Dentro deste ato, que o presidente considera como significativo e profundo, são embutidos a reciprocidade e o espírito de conciliação para a pacificação nacional, baseando-se em uma alardeada e revisitada tradição de anistias do Brasil. São evitados, assim, pretextos para se cultivar animosidades, revanchismos ou “sentimentos divisionistas”, conforme enfatizava o senador Marcos Freire (MDB/PE), na tentativa de emplacar um substitutivo no projeto de lei através da emenda nº 1. Neste projeto de lei foram encaminhadas 305 emendas propondo alterações e inclusões de artigos, evidenciando os embates e os rumos que o projeto deveria tomar sobre abertura, mesmo que estes sejam divergentes daqueles que os movimentos sociais pressionavam. Na leitura do deputado Roberto Freire, também do MDB-PE, a anistia “promulgada em 1979 não foi aquela que o povo desejava. Parcial e restrita cometeu injustiça e descriminações odiosas e incompatíveis com a própria ideia da Anistia, tal como universalmente conhecida” (CONGRESSO NACIONAL, 1982, p. 16).
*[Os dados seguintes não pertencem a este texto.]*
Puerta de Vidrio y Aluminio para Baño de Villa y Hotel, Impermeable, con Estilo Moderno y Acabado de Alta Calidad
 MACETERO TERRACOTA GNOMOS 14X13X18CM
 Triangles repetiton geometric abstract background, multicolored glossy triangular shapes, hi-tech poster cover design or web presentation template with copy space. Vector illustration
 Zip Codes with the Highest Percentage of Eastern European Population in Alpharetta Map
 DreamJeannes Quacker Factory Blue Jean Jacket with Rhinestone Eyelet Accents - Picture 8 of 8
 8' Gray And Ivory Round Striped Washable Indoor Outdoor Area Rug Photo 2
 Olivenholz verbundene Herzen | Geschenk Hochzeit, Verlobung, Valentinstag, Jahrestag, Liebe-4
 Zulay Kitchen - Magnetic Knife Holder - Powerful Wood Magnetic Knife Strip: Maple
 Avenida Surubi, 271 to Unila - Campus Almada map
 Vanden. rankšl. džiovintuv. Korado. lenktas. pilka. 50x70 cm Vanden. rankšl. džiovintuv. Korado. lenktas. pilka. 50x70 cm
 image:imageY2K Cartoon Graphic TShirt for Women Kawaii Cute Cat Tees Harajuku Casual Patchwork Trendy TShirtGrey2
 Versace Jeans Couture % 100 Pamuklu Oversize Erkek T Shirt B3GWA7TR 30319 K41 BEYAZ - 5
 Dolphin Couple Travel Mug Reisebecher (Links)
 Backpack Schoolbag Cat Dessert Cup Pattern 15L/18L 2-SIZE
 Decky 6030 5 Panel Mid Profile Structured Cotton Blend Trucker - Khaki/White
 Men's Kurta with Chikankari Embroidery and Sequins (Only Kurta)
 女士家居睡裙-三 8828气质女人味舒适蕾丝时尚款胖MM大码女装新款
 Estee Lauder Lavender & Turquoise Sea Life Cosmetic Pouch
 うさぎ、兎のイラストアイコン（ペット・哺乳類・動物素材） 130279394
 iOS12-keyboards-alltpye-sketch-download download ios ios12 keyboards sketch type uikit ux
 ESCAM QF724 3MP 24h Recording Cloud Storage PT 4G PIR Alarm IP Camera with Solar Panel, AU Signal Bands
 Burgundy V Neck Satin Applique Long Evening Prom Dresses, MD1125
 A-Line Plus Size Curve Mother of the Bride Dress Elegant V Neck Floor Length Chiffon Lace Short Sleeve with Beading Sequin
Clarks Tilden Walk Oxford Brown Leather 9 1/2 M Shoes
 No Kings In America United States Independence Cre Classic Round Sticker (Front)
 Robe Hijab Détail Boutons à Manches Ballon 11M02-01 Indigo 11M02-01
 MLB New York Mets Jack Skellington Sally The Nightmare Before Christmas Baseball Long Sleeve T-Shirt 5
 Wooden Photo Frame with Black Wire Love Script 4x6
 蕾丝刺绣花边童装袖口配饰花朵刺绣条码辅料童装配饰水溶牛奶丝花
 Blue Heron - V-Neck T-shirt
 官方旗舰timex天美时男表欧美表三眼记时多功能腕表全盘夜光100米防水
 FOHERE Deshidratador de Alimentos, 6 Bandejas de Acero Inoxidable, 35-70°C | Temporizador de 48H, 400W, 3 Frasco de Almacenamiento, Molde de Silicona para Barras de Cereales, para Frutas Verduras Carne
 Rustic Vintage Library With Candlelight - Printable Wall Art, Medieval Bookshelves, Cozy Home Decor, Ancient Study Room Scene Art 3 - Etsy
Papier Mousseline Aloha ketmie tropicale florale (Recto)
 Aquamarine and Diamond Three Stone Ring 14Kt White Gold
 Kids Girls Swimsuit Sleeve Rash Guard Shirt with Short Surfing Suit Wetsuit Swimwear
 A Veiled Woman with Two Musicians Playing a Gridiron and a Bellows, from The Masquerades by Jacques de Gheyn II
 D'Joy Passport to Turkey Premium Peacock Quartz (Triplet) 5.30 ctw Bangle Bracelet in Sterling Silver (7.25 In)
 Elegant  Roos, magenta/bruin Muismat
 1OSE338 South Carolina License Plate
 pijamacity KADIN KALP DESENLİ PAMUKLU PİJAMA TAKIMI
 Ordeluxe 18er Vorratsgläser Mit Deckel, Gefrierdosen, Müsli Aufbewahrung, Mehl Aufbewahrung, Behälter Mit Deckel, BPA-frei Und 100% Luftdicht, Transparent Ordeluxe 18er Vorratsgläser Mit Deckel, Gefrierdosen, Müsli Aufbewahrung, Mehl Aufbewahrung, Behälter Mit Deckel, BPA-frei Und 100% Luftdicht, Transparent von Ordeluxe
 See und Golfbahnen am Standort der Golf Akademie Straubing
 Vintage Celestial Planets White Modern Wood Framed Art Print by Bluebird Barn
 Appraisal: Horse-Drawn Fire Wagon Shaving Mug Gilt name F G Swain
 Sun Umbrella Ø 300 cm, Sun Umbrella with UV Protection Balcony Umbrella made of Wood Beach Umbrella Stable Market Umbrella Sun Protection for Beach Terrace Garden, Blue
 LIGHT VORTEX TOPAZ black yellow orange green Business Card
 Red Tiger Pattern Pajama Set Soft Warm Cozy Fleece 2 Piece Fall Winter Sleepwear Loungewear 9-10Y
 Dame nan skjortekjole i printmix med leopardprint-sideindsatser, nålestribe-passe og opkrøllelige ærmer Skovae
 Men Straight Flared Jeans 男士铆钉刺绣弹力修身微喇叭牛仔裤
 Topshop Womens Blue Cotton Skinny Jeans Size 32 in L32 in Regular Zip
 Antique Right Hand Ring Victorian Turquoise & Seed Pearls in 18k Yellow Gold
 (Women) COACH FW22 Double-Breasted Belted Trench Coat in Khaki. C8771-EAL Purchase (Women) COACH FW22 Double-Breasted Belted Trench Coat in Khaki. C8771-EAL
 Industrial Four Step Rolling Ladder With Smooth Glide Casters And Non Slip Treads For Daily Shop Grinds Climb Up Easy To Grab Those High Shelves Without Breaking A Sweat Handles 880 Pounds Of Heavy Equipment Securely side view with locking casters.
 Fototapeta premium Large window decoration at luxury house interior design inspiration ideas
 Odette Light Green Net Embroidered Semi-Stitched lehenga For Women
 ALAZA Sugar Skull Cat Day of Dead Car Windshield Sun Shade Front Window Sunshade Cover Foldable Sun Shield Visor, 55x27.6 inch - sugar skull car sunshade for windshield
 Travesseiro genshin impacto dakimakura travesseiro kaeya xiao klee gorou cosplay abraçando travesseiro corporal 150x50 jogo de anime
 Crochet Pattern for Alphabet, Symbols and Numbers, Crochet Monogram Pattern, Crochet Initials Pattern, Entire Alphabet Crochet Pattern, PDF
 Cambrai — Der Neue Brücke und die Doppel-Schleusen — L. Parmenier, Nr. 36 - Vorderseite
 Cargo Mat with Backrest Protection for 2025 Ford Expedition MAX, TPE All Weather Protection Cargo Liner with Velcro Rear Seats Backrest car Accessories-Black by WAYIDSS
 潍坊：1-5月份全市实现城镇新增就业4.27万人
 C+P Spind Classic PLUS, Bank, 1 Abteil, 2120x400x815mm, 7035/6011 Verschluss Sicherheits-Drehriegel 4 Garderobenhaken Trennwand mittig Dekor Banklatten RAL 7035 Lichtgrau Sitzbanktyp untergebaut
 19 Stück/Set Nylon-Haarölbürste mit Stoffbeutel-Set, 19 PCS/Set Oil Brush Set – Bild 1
Acesse aqui a compilação dos embates durante a Comissão Mista para apreciação no Congresso Nacional.
[1] O Ato Institucional nº 2, de 27 de outubro de 1965, estabeleceu o bipartidarismo. A partir de então, somente duas agremiações políticas coexistiram: o Movimento Democrático Brasileiro (MDB) e Aliança Renovadora Nacional (ARENA). Este quadro manteve-se até a reforma partidária implementada pelo Governo Figueiredo.